Why are the hierarchies in Costa Rica more flexible than power structures in other Latin American countries?
Sr. Lizano made this statement as a way of differentiating Costa Rica from neighboring countries, but I was curious to know how and why the social structure is more fluid. He commented that one of the reasons is that the universities are affordable which allows lower class students to receive an education and hopefully find a high-paying job. I believe this is true along with the other social programs. Sr. Lizano noted that the government, although not as much in recent years, would provide subsidies for many items like a discount grocery store. They also provide universal healthcare, and these somewhat “socialist” programs are most likely the reason for the movability within the power structure. I find this interesting because when Spain controlled the country they were a part of a feudal system which has a rigid structure and classes. I am curious to know how these socialist ideas and “fluidity” emerged. Also, I’m not sure if I would classify this as movability.

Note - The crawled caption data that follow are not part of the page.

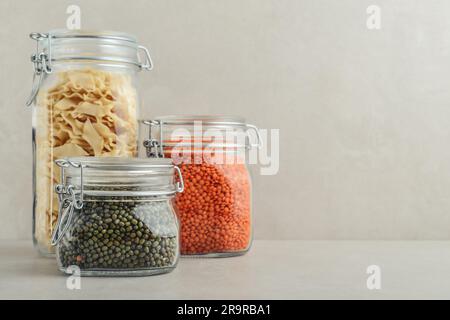 Haricots mungs crus, lentilles rouges et pâtes dans des pots en verre. Concept de stockage des déchets zéro. Banque D'Images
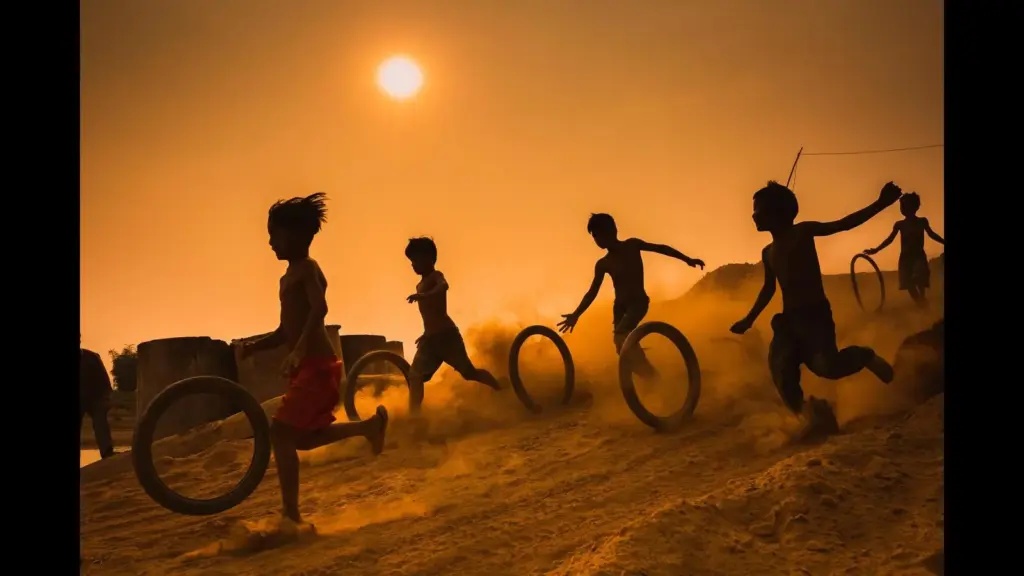 Silhouetted children run and play with rolling tires across a dusty field at sunset, creating a joyful, energetic scene in warm orange light.
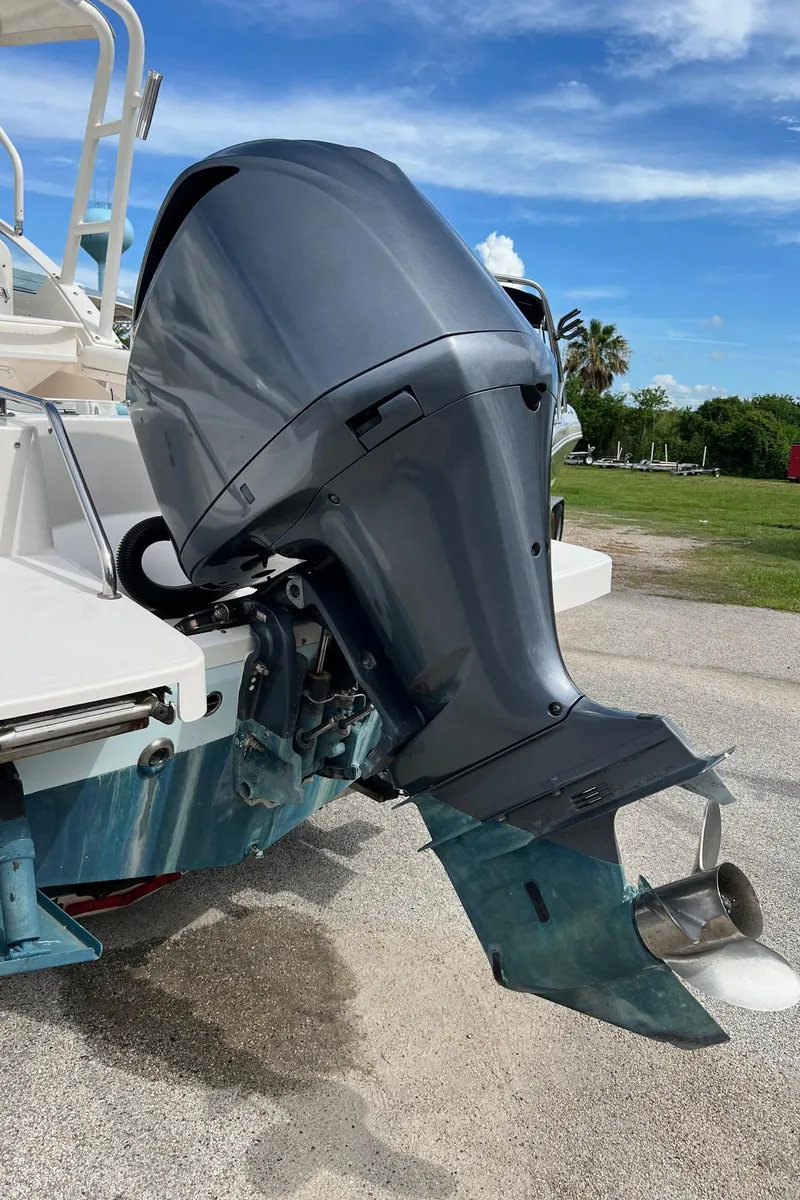 Slide: The Image of Outboard motor on a 2013 Everglades 230 Dual Console boat, parked on pavement. - 22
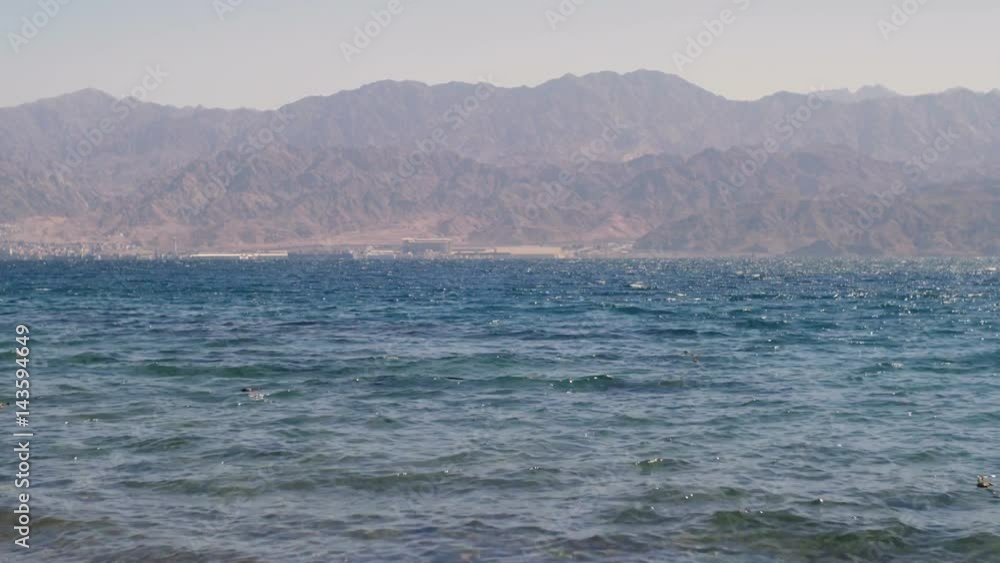 Red sea water with Jordan's mountains in the horizon Red sea water with Jordan's mountains in the horizon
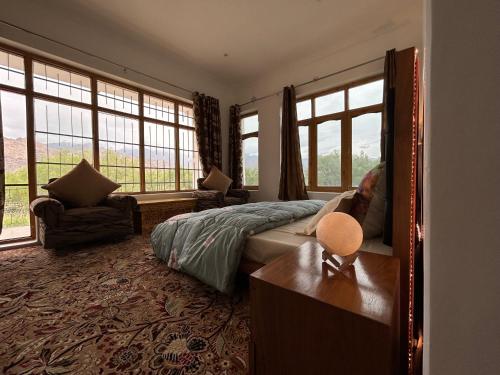 a bedroom with a bed with windows and a table at Nature Palace Farmstay in Shey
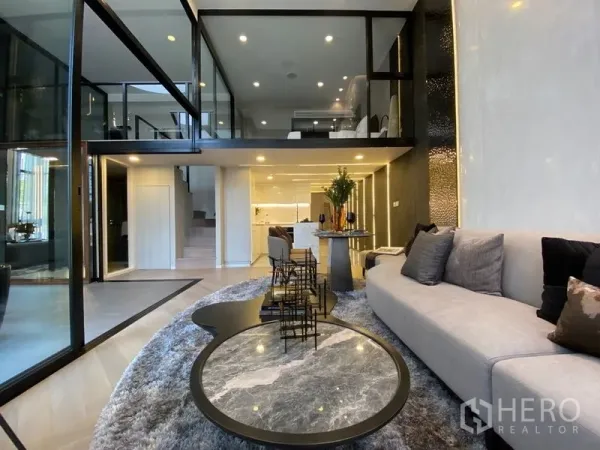 Detached House for sale in Watthana, Bangkok - Contemporary living room with sectional sofa, round coffee tables, and an open mezzanine over the kitchen.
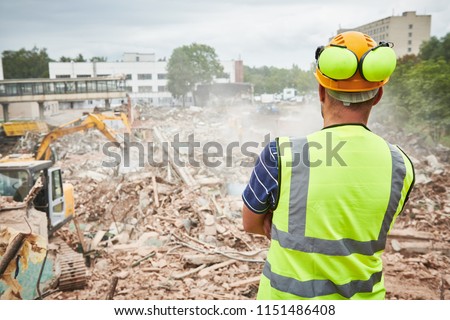 Demolition construction work. Worker at building site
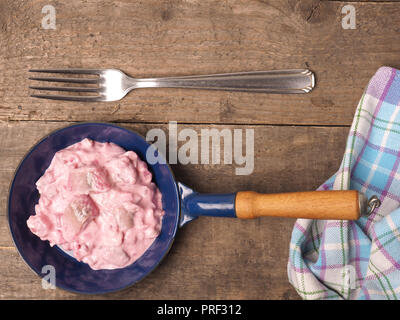 Hareng savoureux avec racine de betterave sauce dans une poêle de fer sur une table en bois Banque D'Images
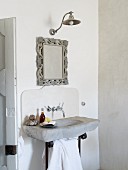 Waschbecken aus Stein mit Wandarmatur, Wandspiegel und Wandleuchte in schlichtem Bad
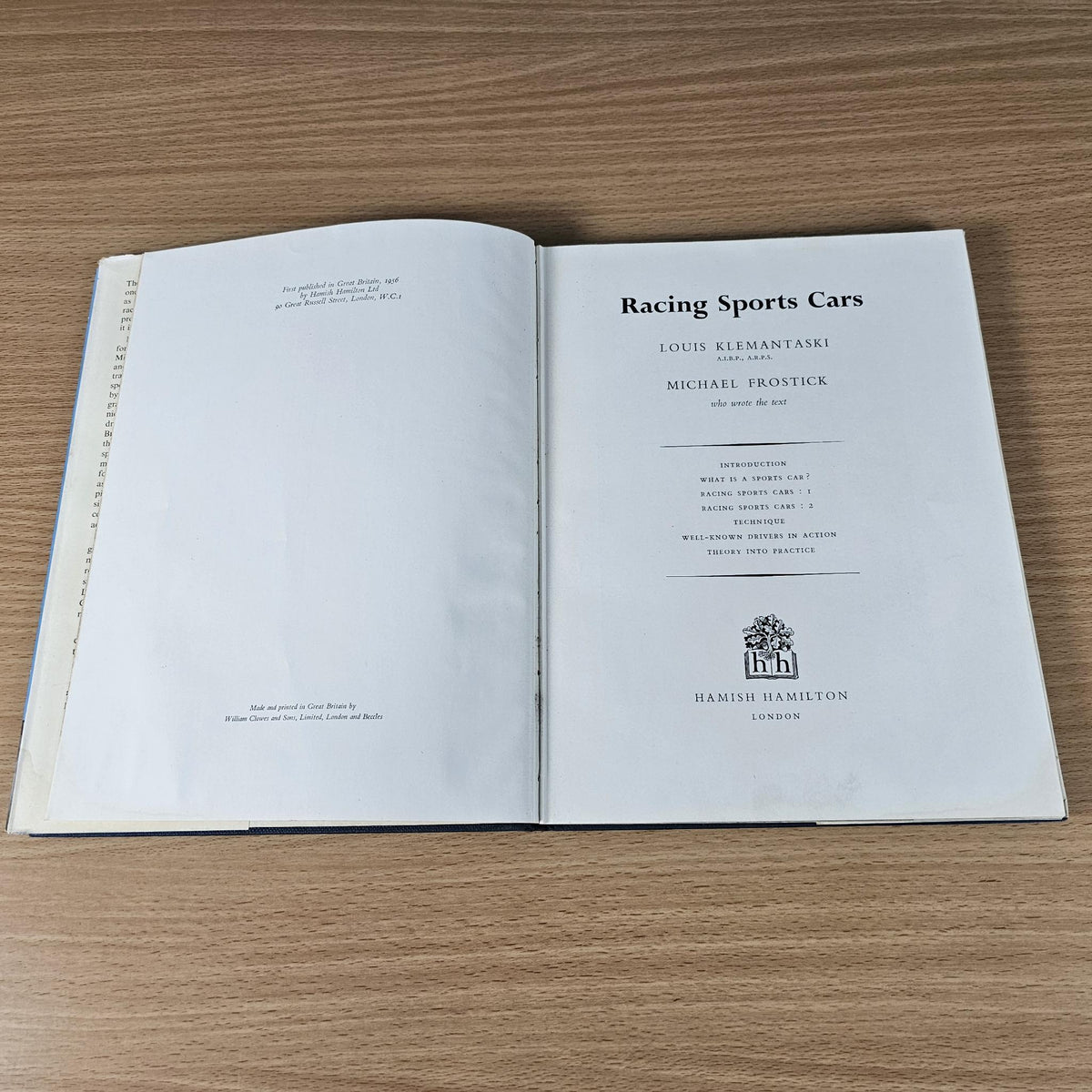 Vintage hardcover racing sports cars book opened to title page with “Hamish Hamilton” logo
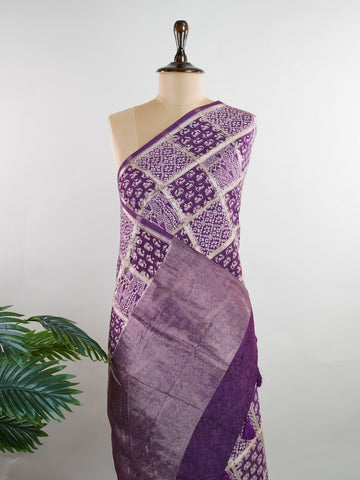 Cotton A deep purple canvas brought to life with traditional gold block prints.br
Lightweight cotton from Varanasi, perfect for all-day grace and comfort.br
A blend of heritage design and subtle radiance for festive or casual charm.br
Handloom beauty in every thread. #CottonElegance #HandloomVaranasi #BlockPrintLove Lalitha - Purple Handloom Cotton Saree | Zari Border | Traditional - Manoranjitham Weaves - Handloom Store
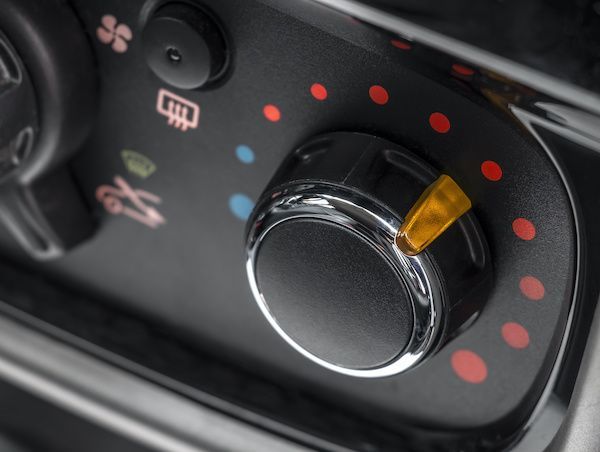 Close-up of a car climate control dial with red and blue temperature markings | Jeff's Automotive, Inc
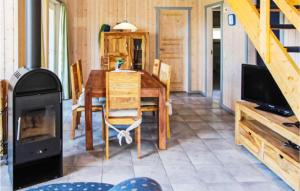 een eetkamer met een tafel en een houtkachel bij 2 Bedroom Gorgeous Home In Rechlin in Rechlin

In extreme socialism or communism, the goal is to have one class, so that everyone has completely equal opportunity. If these programs are somewhat “socialist,” I believe it’s more of an equaling of classes rather than a fluidity between them.
Why is Costa Rica a confessional state?
Costa Rica is the only confessional state in the America’s, and their official religion is Roman Catholicism. After today’s lecture, I realized that this is very hypocritical. I learned that for most of the country’s history the people have not been devout Catholics, and the church has never had much power. Also, around 75% of people identify as Catholic, but only 45% practice the religion. I believe that the only reason Costa Rica is a confessional state is for a certain group of people to have power, and this power comes from not having a separation between church and state. Although Roman Catholicism is the official religion, all other religions are welcome in the country, and religion or the church don’t seem to be a part of the everyday life of the Ticos. Since the country having an official religion doesn’t effect the citizens, the idea for a confessional state must come from someone in power. The joining of these two institutions is a way to gain control, but I don’t know enough about Costa Rica to understand the reasoning. Overall, I believe proclaiming that Costa Rica is a confessional state tells you nothing about the people or their actions.
Why do the Costa Ricans identify as white?
Honestly, what sparked my curiosity most throughout the lecture was when Sr. Lizano stated that Costa Ricans see themselves or identify as white. This sparked questions for me not just about the Ticos but about our world and history as a whole. What is the obsession with having light skin? Why is white the standard? In many countries, darker skinned citizens used to be lower class, and in some countries they were looked down upon. I find this notion scary that there is this power which comes with being white even in Costa Rica. Sr. Lizano mentioned that skin color is some of the reason the Ticos are prejudiced against the Nicaraguans. The only explanation I can think of is that their lighter skin was a way of differentiating themselves from foreigners who came to their country to work on the railroad or for other reasons. This also makes me question what we really mean by white? It’s not a skin color or an ethnicity. White is a color, but somehow society’s around the world have identified it as upper-class or “civilized people” in some sense. This topic fascinates me, and I would love to understand more what “white” means to Ticos and to the world as a whole.